Model inferencing with TensorRT on Jetson (TX2)

scchsimon · February 25, 2020, 10:05am

Hello there!

I would like to know, if its possible to start inferencing with Tensorflow Models only.
Do they need be in a .uff format?

Like in this repo, there are only caffeemodels for image classification available:
https://github.com/dusty-nv/jetson-inference/blob/master/docs/imagenet-console-2.md#using-the-console-program-on-jetson

I would like to only use Tensoflow models like in this repo:
https://github.com/NVIDIA-AI-IOT/tf_trt_models

When I try it out with the normal Tensorflow imports, it takes really long (15 min) to create a frozen_graph and then optimizing it with TensorRT.

In the first repo it all took very short time to load the model and inference.

NVES_R · February 25, 2020, 7:20pm

Moved to Jetson TX2 forum.

dusty_nv · February 25, 2020, 7:30pm

I believe after you run the initial conversion, it should save the TensorRT engine and not take as long to load on subsequent runs. That particular repo is showing the TF-TRT interoperability workflow, which loads TensorFlow runtime. There are also these similar repos that shows converting the models to UFF, which only depends on TensorRT at runtime:

https://github.com/NVIDIA-AI-IOT/tf_to_trt_image_classification
https://github.com/AastaNV/TRT_object_detection

For image recognition in that repo, both caffemodels and ONNX are used. And UFF is used by it object detection for SSD-Mobilenet and SSD-Inception.

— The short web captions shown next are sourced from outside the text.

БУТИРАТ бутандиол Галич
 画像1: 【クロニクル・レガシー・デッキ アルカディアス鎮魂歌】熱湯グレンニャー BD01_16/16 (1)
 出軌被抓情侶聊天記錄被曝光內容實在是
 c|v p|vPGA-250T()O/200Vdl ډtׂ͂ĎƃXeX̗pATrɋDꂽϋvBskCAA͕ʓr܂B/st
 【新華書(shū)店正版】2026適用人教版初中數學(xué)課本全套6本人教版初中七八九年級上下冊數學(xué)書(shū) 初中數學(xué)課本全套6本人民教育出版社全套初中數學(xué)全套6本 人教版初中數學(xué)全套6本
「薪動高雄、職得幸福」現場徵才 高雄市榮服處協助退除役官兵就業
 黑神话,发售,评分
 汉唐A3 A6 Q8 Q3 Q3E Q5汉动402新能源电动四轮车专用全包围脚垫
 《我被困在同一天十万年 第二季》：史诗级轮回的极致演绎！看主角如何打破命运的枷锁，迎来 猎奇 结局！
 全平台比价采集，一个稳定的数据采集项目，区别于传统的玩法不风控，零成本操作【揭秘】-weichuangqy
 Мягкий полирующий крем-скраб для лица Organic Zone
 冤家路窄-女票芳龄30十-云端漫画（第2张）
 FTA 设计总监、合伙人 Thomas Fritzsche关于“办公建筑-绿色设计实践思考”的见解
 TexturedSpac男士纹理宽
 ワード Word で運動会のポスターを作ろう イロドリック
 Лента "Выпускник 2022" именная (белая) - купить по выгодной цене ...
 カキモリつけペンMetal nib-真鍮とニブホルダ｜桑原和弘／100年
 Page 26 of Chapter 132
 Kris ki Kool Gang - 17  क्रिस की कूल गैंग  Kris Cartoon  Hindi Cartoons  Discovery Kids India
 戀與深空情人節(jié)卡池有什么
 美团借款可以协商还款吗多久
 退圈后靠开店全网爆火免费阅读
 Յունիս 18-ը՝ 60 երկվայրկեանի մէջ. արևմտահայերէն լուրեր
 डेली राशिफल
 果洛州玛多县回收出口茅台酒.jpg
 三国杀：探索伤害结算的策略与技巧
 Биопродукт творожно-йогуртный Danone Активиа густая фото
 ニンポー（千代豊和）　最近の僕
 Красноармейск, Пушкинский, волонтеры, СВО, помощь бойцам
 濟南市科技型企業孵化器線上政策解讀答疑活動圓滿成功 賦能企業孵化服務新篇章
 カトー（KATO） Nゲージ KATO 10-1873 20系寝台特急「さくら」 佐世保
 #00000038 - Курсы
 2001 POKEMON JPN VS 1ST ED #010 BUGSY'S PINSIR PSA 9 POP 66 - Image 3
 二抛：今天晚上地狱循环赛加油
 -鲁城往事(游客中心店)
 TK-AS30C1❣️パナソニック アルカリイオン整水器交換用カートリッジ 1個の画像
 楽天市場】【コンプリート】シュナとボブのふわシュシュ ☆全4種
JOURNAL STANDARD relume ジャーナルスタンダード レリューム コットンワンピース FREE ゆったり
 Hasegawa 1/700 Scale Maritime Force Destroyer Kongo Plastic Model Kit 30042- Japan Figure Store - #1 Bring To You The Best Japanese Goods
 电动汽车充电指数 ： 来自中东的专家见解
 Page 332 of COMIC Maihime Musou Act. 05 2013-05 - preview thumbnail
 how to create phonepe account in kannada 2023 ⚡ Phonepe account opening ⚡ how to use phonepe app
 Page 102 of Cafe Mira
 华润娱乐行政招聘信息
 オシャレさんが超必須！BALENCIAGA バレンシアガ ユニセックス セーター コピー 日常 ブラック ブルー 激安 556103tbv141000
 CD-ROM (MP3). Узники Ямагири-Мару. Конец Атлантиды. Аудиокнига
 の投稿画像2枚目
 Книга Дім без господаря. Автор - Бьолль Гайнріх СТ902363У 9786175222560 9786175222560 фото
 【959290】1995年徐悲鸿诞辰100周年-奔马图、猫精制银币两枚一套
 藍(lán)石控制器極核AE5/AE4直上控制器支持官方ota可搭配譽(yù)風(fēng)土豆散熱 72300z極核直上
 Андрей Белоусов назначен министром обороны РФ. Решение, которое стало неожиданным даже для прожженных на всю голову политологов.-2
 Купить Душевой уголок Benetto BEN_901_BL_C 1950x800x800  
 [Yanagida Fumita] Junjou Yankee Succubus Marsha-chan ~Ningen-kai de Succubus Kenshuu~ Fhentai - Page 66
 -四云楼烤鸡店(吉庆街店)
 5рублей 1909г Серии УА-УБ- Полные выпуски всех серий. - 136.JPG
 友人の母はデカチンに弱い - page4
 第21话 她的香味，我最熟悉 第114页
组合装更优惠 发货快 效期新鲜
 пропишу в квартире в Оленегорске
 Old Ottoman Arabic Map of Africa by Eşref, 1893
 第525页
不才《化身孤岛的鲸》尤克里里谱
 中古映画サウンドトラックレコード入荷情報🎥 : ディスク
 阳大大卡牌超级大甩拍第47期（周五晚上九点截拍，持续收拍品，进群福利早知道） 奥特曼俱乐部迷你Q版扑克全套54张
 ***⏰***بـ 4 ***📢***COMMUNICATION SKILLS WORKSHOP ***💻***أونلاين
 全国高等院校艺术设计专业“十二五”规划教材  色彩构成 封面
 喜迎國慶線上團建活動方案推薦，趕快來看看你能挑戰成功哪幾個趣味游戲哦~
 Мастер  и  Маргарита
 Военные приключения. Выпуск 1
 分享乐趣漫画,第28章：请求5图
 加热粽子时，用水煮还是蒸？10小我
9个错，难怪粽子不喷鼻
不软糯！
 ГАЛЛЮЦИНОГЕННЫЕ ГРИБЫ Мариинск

scchsimon · February 26, 2020, 7:04am

Thanks for the answer and links :)

I have tried at first my own code (sticked together from other examples), to only use Tensorflow models.

Image Classification:

import tensorflow as tf
#if type(tf.contrib) != type(tf): tf.contrib._warning = None
tf.compat.v1.logging.set_verbosity(tf.compat.v1.logging.ERROR)
import tensorflow.contrib.tensorrt as trt
import argparse
from PIL import Image
#import cv2
import numpy as np
import time
from tf_trt_models.classification import download_classification_checkpoint, build_classification_graph

def argParse():
  desc = ('Run optimized TensorRT image classification models on Jetson devices.')
  parser = argparse.ArgumentParser(description=desc)
  parser.add_argument('--model', help='Name of the pretrained model.', required=True)
  parser.add_argument('--num_classes', help='Number of classes in the label file.', required=True, type=int)
  parser.add_argument('--image', help='File path of the input image.', required=True)
  args = parser.parse_args()
  return args

def load_graph(graph_path, model, num_classes, checkpoint_path):
  try:
    with tf.gfile.GFile(graph_path, "rb") as f:
      # Build frozen graph
      print("------------------------------------")
      print("loading existing TensorRT graph")
      print("------------------------------------")
      trt_graph = tf.GraphDef()
      trt_graph.ParseFromString(f.read())
  
    input_names = ['image_tensor']
    output_names = ['scores']
    print("loaded optimized graph ... ready to predict")

  except:
    # Build frozen graph
    print("------------------------------------")
    print("building graph")
    print("------------------------------------")
    frozen_graph, input_names, output_names = build_classification_graph(
        model=model,
        checkpoint=checkpoint_path,
        num_classes=num_classes
    )

    # Optimize graph with TensorRT
    print("------------------------------------")
    print("optimizing graph with TensorRT")
    print("------------------------------------")
    trt_graph = trt.create_inference_graph(
        input_graph_def=frozen_graph,
        outputs=output_names,
        max_batch_size=1,
        max_workspace_size_bytes=1 << 25,
        precision_mode='FP16',
        minimum_segment_size=50
    )

    # Save TensorRT graph
    with tf.gfile.GFile(graph_path, 'wb') as f:
        f.write(trt_graph.SerializeToString())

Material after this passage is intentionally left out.